Si bollina normativamente, inoltre, il divieto di esercitare l’autotutela per motivi sui quali sia intervenuta sentenza passata in giudicato favorevole all’Amministrazione finanziaria. In sostanza, non è ostativo all’autotutela:
- un giudicato meramente processuale;
- un giudicato sostanziale basato su motivi diversi da quelli che giustificano l’autotutela.
E si recepisce il principio di delega afferente alla responsabilità amministrativa dei soggetti tenuti ad esercitare l’autotutela obbligatoria, riproducendo l’analoga norma già prevista per gli istituti deflattivi, dall’articolo 29, comma 7, D.L. 78/2010. In pratica, il funzionario risponde solo per dolo.
Dalla lettura della bozza emerge una ulteriore norma nello Statuto del contribuente – l’articolo 10-quinquies L. 212/2000 – che riconosce all’Amministrazione finanziaria un generalizzato potere di autotutela facoltativa, esercitabile, anche d’ufficio e in pendenza di giudizio o in presenza di atti definitivi, quando ricorrono casi di illegittimità o infondatezza dell’atto o dell’imposizione.
Pur se la riforma fiscale intende ristrutturare il diritto di autotutela, allargandolo agli errori manifesti, prescrivendone il potenziamento attraverso la sua estensione alle ipotesi in cui l’atto è definitivo, tuttavia gli atti presuntivamente viziati, per inosservanza dei termini di decadenza, non possono essere oggetto di annullamento in autotutela, in quanto non sono inesistenti o nulli ma annullabili, né rilevabili d’ufficio dal giudice.
Sul punto, la Corte di cassazione (sentenza n. 18448/2015) ha affermato che il vizio di nullità dell’atto tributario va inteso, sul piano processuale, come vizio di annullabilità, con la conseguenza che l’invalidità dell’atto non è rilevabile d’ufficio in ogni stato e grado del processo, ma va eccepita dal contribuente in primo grado. Diversamente, in assenza di tempestiva impugnazione, “il provvedimento tributario viziato da ‘nullità’ si consolida, rendendo definitivo il rapporto obbligatorio sottostante e legittimando l’Amministrazione finanziaria alla riscossione coattiva della imposta”.

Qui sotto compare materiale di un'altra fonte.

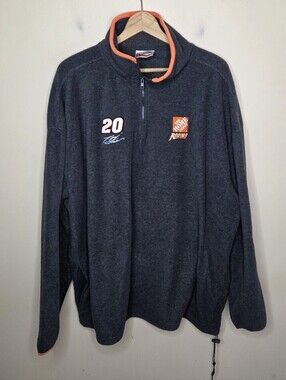 Vintage Chase Authentics Tony Stewart Nascar #20 Fleece 1/4 Zip Pullover 2XL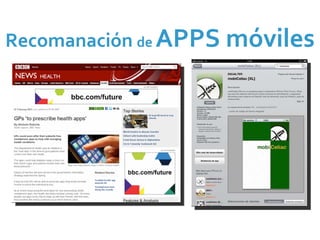 Recomanación de APPS móviles
 
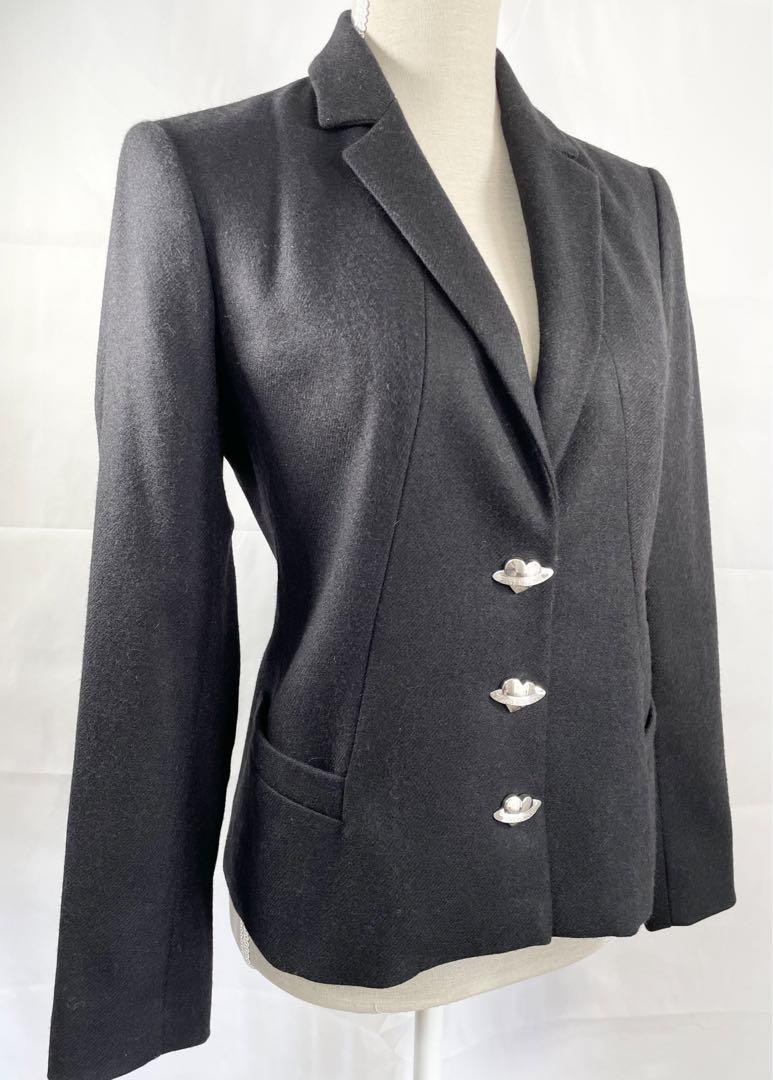 極美品　LOVEMOSCHINO　テーラードジャケット　ジャケット　黒　Sサイズ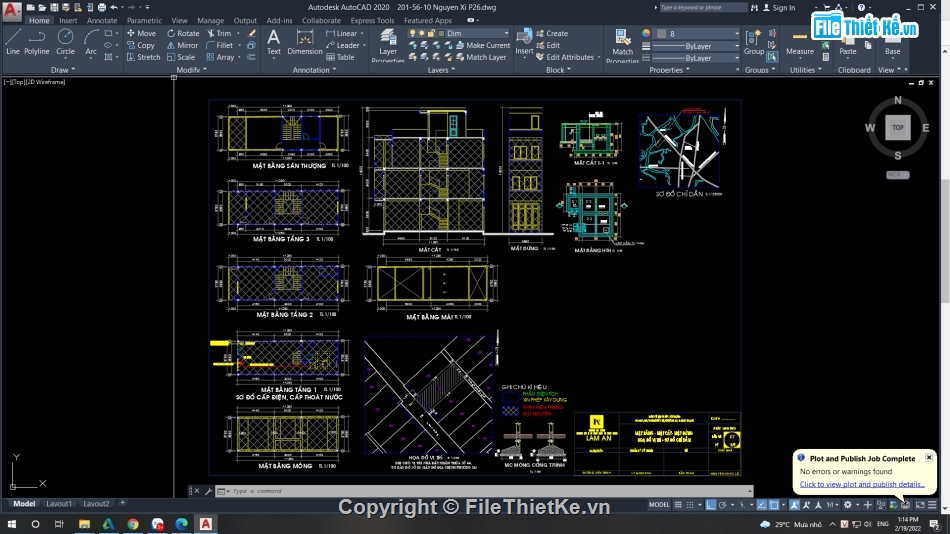 Bản vẽ xpxd nhà phố 3 tầng,Nhà phố 3 tầng 3.76x10.3m,Bản vẽ nhà phố 3 tầng,File cad nhà phố 3 tầng,bản vẽ nhà phố 3 tầng đẹp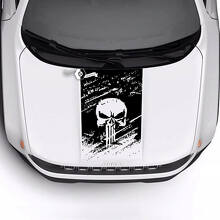 Jeep Renegade Trailhawk Sport Skull Destroyed Battered  Hood Logo Stripe Vinyl Decal Sticker
 2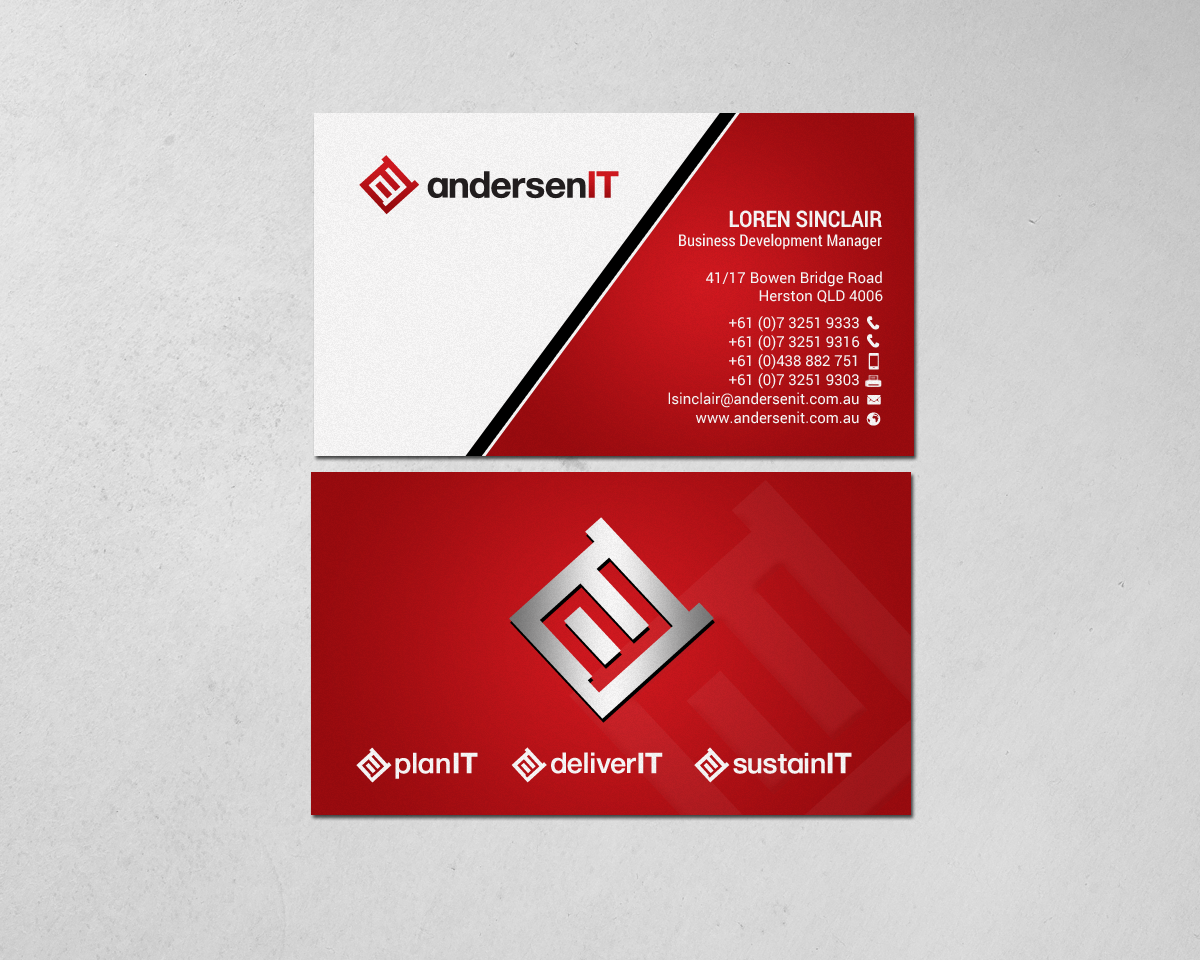 Business Card Design by chandrayaan.creative for QFA | Design #18649954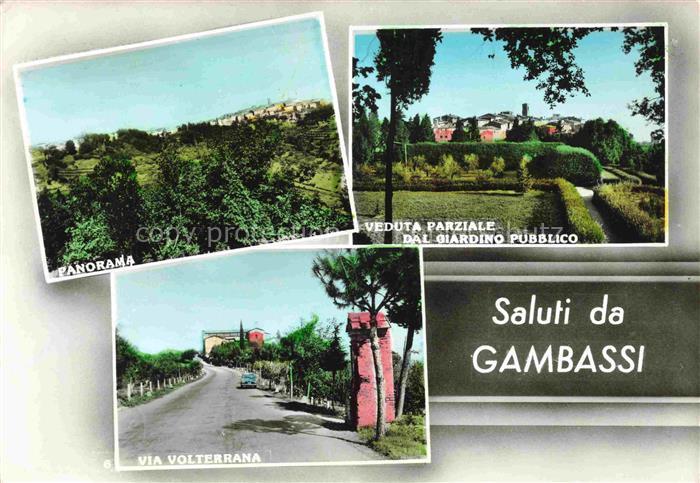 Gambassi Terme Florence FIRENZE Florenz Toscana IT Via Volterrana Panorama Parzi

E ancora in sede giurisprudenziale, con l’ordinanza n. 171/2015, è stato sostenuto che “il termine di decadenza stabilito a carico dell’ufficio tributario ed in favore del contribuente per l’esercizio del potere impositivo abbia natura sostanziale e non appartenga a materia sottratta alla disponibilità delle parti, in quanto tale decadenza non concerne diritti indisponibili dello Stato alla percezione di tributi, ma incide unicamente sul diritto del contribuente a non vedere esposto il proprio patrimonio, oltre un certo limite di tempo, alle pretese del Fisco; cosicché è riservata alla valutazione del contribuente stesso la scelta di avvalersi o meno della relativa eccezione, da ritenersi, pertanto, eccezione in senso proprio, non rilevabile d’ufficio né proponibile per la prima volta in grado d’appello (tra le tante, sent. 14028/11)”. Principi sostanzialmente ribaditi con l’ordinanza n. 28467/2017.
Di conseguenza, in assenza di impugnazione, l’atto fuori termine diventa comunque definitivo, né tale vizio può poi essere contestato successivamente contro il ruolo o l’intimazione a adempiere.
E ciò, a maggior ragione, a nostro avviso, una volta entrati in vigore nel corpo dello Statuto dei diritti del contribuente gli articoli 7-bis, 7-ter, 7-quater, 7-quinquies e 7-sexies, che – sulla falsariga degli articoli 21-septies e 21-octies, L. 241/1990 – andranno a costituire il corpo organico delle regole delle invalidità tributarie. In particolare, per quel che ci interessa in questa sede, il regime di “nullità” degli atti dell’Amministrazione finanziaria, opera solo in via eccezionale e solo ove espressamente previsto da una previsione di legge, successiva all’entrata in vigore della nuova norma.